The Amar brothers have filed a very fine amicus brief in the Supreme Court’s review of the Trump disqualification case, styled Trump v. Anderson. The argument is aimed squarely at ‘originalists’ by recovering critical history that shaped Art. 3 of the XIVth Amendment.
Here’s a portion of the summary:
Underlying Section Three of the Fourteenth Amendment, there resides […] an episode known to virtually all Americans in the 1860s and, alas, forgotten by most Americans today, even the learned. The episode has gone almost unmentioned in all previous scholarship on Section Three and in all previous briefing in this case. We believe that this episode is a key that can unlock many of the issues presented by today’s case.

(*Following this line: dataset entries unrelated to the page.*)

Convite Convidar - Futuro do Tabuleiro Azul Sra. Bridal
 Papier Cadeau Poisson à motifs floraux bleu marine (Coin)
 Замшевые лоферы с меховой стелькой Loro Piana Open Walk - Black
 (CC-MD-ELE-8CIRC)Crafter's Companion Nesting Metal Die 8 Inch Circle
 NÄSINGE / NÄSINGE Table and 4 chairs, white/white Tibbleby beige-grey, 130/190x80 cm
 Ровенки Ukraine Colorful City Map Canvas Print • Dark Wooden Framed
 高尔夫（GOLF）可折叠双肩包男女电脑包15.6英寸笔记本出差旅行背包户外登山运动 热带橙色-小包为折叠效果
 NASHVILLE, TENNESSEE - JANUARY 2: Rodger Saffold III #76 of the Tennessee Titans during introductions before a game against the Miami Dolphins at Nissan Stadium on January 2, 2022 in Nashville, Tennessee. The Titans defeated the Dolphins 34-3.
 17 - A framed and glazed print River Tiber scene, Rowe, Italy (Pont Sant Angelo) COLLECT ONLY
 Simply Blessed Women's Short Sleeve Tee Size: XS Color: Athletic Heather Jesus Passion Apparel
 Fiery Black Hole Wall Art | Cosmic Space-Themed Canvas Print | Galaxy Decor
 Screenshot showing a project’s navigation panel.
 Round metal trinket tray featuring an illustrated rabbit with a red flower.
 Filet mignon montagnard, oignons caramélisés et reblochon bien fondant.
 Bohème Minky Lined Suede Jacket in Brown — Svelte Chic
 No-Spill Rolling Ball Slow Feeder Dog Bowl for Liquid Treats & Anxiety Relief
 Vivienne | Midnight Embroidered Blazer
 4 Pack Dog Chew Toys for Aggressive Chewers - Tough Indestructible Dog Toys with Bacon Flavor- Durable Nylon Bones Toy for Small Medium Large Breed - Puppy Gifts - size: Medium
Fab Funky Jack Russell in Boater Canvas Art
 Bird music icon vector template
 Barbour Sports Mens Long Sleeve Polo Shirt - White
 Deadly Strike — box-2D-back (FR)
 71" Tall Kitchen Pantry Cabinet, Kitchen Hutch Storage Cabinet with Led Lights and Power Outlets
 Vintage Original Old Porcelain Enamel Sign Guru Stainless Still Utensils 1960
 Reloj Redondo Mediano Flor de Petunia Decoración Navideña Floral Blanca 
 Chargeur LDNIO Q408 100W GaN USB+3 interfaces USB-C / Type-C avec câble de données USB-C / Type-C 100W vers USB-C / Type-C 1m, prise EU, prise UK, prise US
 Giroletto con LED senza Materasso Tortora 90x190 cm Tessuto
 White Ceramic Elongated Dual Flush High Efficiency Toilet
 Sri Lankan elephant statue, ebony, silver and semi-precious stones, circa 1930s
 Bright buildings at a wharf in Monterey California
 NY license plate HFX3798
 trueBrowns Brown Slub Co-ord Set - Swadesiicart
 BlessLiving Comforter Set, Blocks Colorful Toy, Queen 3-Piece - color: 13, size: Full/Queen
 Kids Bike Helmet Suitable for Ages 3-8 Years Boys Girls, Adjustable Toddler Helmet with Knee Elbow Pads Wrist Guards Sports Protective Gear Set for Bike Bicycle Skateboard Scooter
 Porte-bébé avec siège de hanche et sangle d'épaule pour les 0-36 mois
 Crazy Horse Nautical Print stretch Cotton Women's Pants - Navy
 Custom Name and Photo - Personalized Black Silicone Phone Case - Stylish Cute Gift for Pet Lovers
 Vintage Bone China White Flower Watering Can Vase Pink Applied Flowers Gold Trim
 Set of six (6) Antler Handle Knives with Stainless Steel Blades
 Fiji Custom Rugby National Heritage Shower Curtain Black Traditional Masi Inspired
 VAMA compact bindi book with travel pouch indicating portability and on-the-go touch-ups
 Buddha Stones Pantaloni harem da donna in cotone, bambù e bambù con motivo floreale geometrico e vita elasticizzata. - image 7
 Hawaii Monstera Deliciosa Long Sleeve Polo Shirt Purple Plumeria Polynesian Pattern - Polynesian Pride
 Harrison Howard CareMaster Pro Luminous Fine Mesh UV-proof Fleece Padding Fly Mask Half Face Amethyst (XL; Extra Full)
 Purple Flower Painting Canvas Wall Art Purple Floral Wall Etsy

In Part One of what follows, we briefly tell the story of the First Insurrection of the 1860s—the insurrection before the Second Insurrection of the 1860s, typically known today as the Civil War. In that First Insurrection, high-level executive officials in Washington, DC, violated their solemn constitutional oaths as part of a concerted plan not just to hand over southern forts to rebels, but also to prevent the lawful inauguration of the duly elected Abraham Lincoln. The parallels between this insurrection in late December 1860 and January 1861 and the more recent Trump-fueled insurrection of late December 2020 and January 2021 are deeply and decisively relevant to today’s case.
Today’s facts are remarkably similar to those of the First Insurrection of the 1860s.